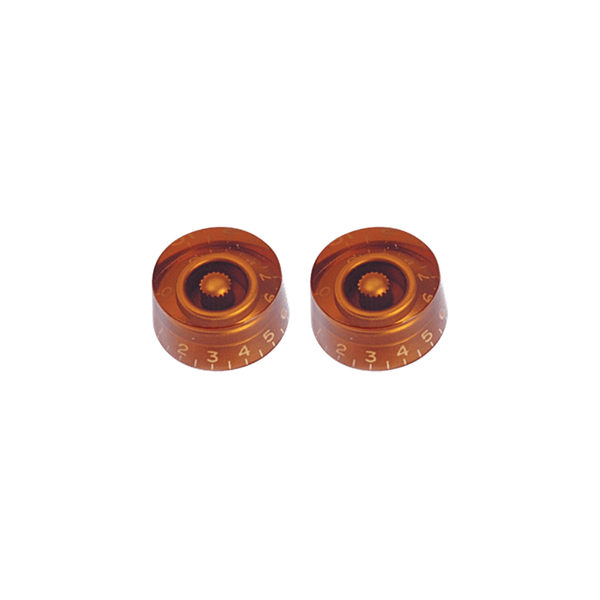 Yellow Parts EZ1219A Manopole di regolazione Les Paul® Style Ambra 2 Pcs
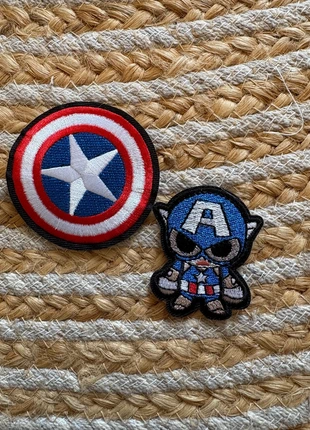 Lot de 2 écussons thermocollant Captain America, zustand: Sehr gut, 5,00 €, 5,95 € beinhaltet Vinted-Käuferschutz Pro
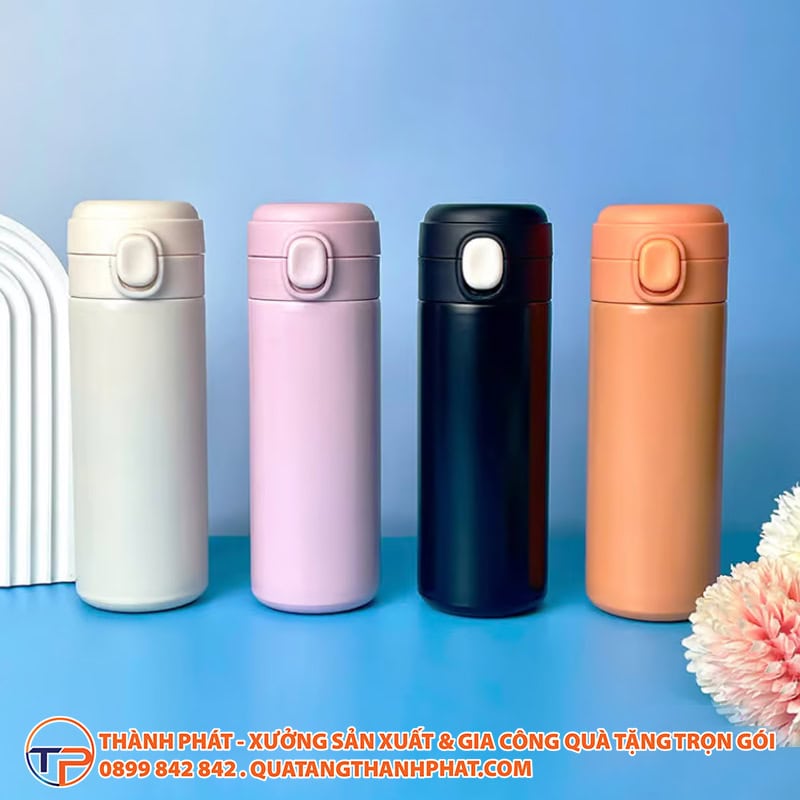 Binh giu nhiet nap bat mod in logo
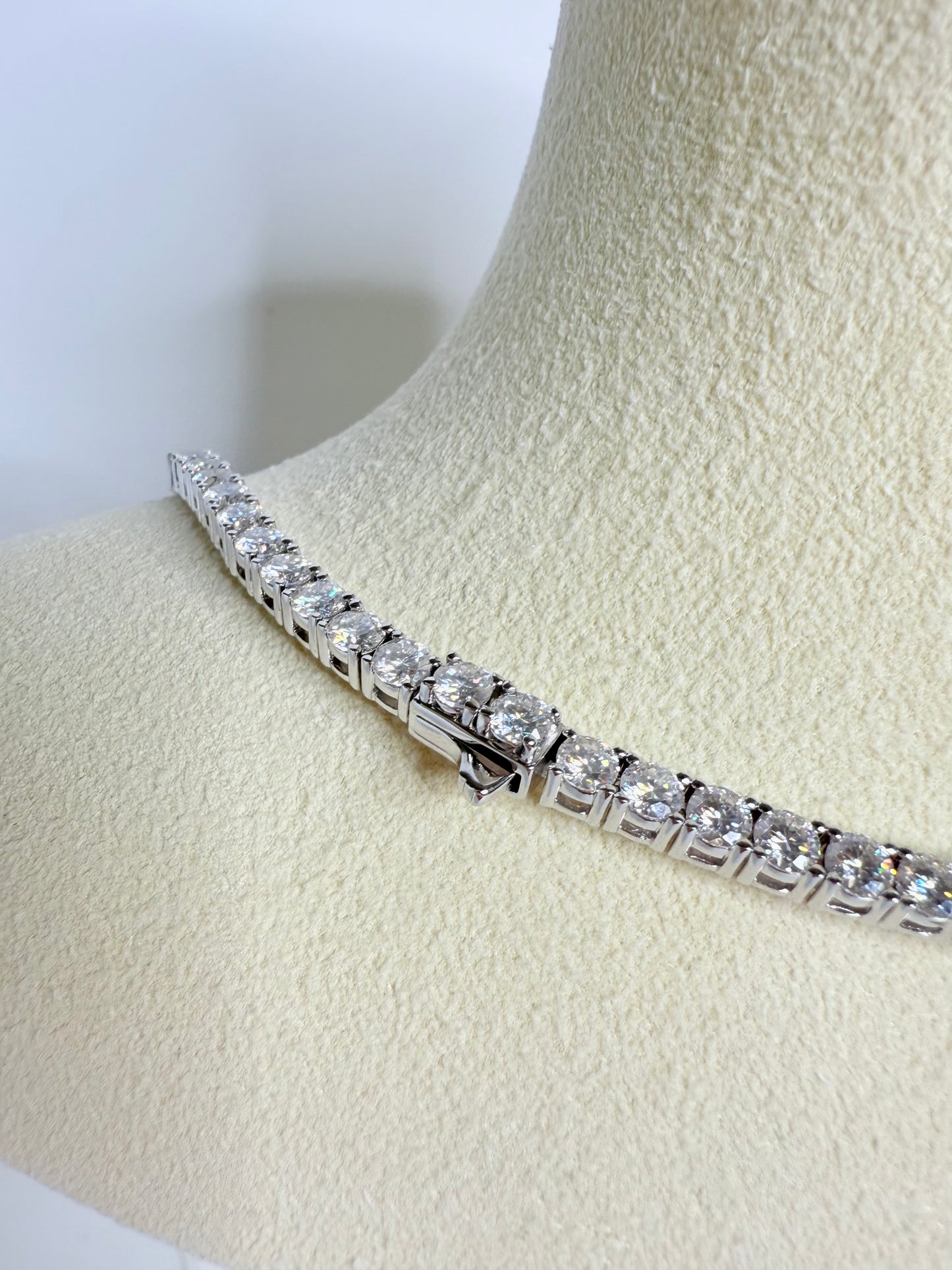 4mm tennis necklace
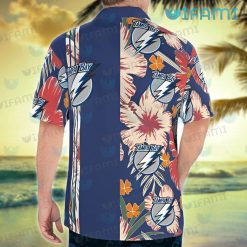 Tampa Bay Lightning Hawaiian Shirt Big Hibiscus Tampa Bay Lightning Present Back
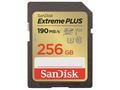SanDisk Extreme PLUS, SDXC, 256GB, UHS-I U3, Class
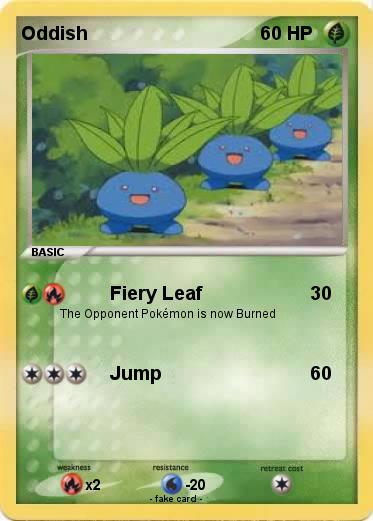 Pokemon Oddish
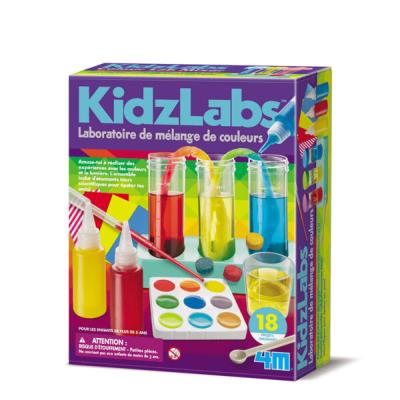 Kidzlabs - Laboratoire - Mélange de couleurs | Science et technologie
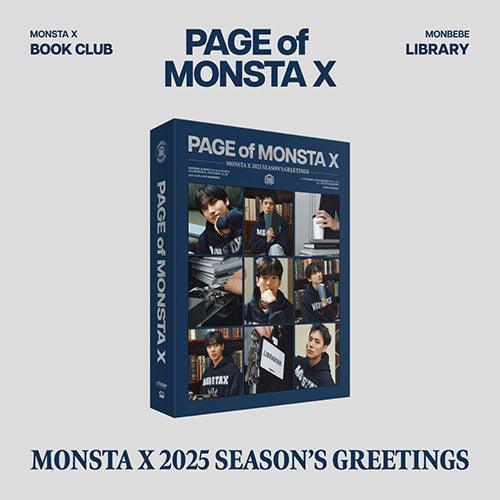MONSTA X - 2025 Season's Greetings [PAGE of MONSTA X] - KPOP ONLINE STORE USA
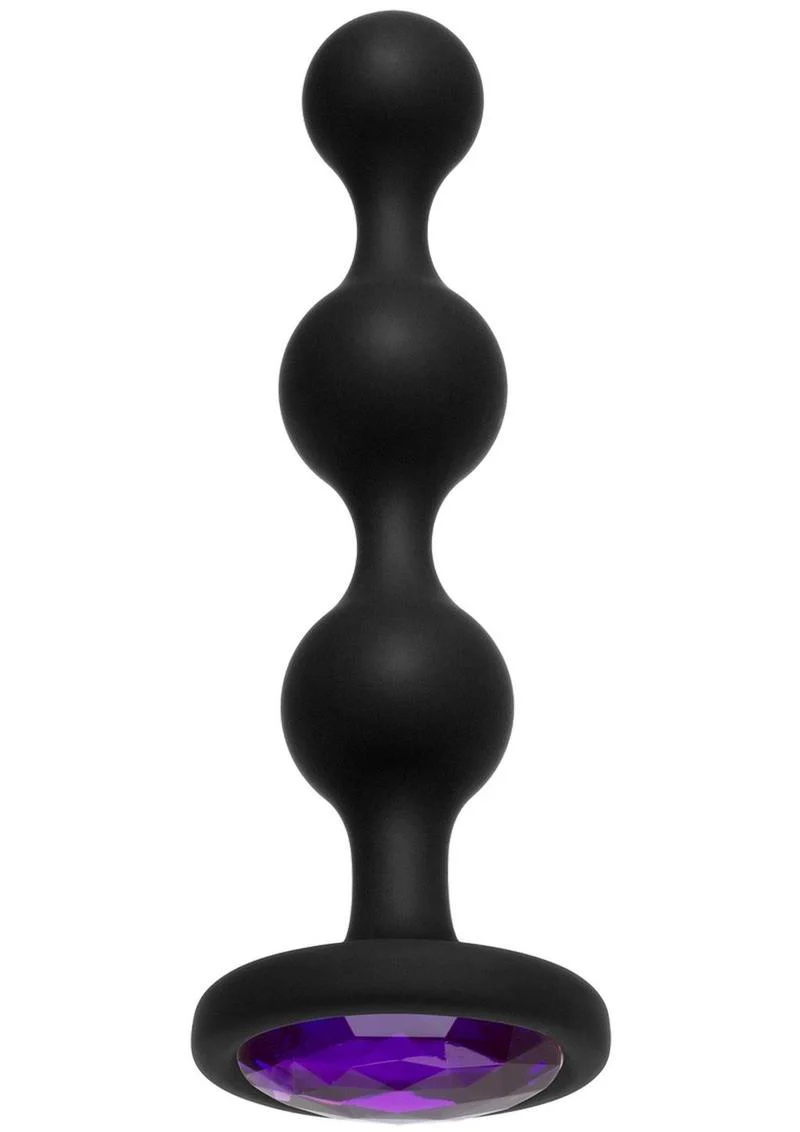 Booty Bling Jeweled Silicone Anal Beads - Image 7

--

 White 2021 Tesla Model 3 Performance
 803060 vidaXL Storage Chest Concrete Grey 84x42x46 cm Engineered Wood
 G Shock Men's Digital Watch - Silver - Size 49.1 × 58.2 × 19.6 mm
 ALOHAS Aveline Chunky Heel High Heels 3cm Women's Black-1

* * *

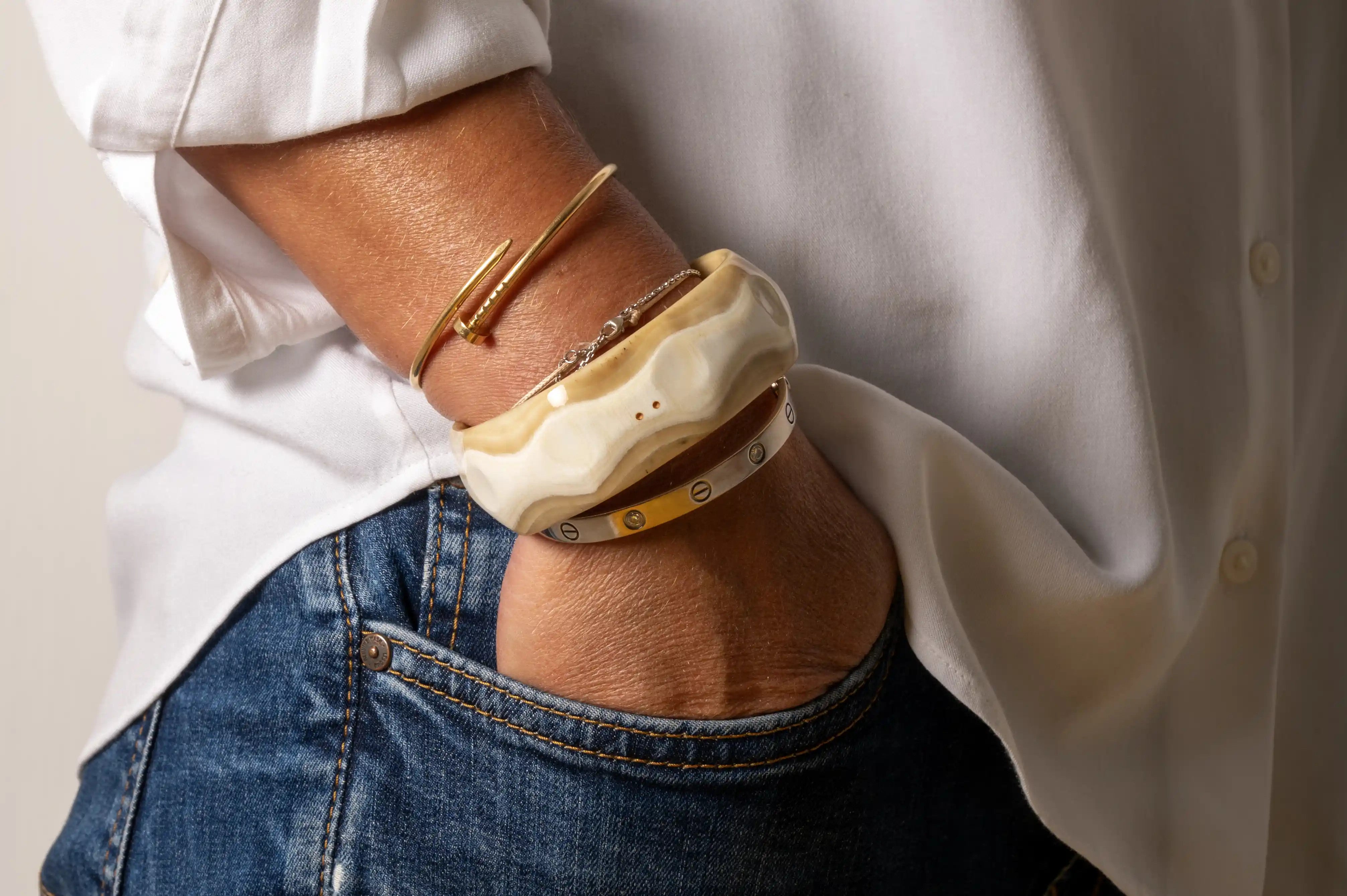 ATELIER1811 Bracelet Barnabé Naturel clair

▸ **Task objective**:
Look above for the line with "Yellow Parts EZ1219A" and the line with "Booty Bling Jeweled", then restate exactly those two lines and all lines between them, with no pictures.

▸ **Result for this task**:
 Yellow Parts EZ1219A Manopole di regolazione Les Paul® Style Ambra 2 Pcs
 Lot de 2 écussons thermocollant Captain America, zustand: Sehr gut, 5,00 €, 5,95 € beinhaltet Vinted-Käuferschutz Pro
 Binh giu nhiet nap bat mod in logo
 4mm tennis necklace
 Tampa Bay Lightning Hawaiian Shirt Big Hibiscus Tampa Bay Lightning Present Back
SanDisk Extreme PLUS, SDXC, 256GB, UHS-I U3, Class
 Pokemon Oddish
 Kidzlabs - Laboratoire - Mélange de couleurs | Science et technologie
MONSTA X - 2025 Season's Greetings [PAGE of MONSTA X] - KPOP ONLINE STORE USA
 Booty Bling Jeweled Silicone Anal Beads - Image 7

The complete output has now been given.